Effect of boundary dimension on energy absorption behaviour of shear thickening fluids under impact

Abstract

This study examined the effect of boundary dimension on the energy absorption behaviour of concentrated shear thickening fluids (STFs). STFs were filled into a steel container with various depths and diameters and were impacted by a cylindrical striker. It was found that the energy absorption behaviour showed a response time after which an effective impact-resistant performance was demonstrated. Then, a simplified two-dimensional model was proposed to clarify the characteristics and mechanism of energy absorption behaviour of the impacted STF. For a relatively shallow STF, the energy absorption is mainly achieved by the axial compression of a semi-ellipsoid like jamming region underneath the striker with less radial boundary confinement.

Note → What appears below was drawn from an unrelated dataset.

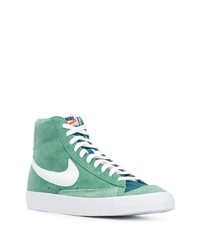 grüne hohe Sneakers aus Wildleder von Nike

Therefore, an increase in depth weakens the energy absorption performance because of the delayed response time for the effective energy absorption. By comparison, the increase in diameter causes the reduction of interaction between the jamming region and the surrounding liquid-STF, slightly degrading the energy absorption performance. For a deep STF, this jamming region reaches to the lateral boundary prior to the effective energy absorption which is primarily achieved by both the compression and bending of the jamming layer supported by the underneath liquid-STF. Thus, an increase in diameter leads to a decrease in the energy absorption performance.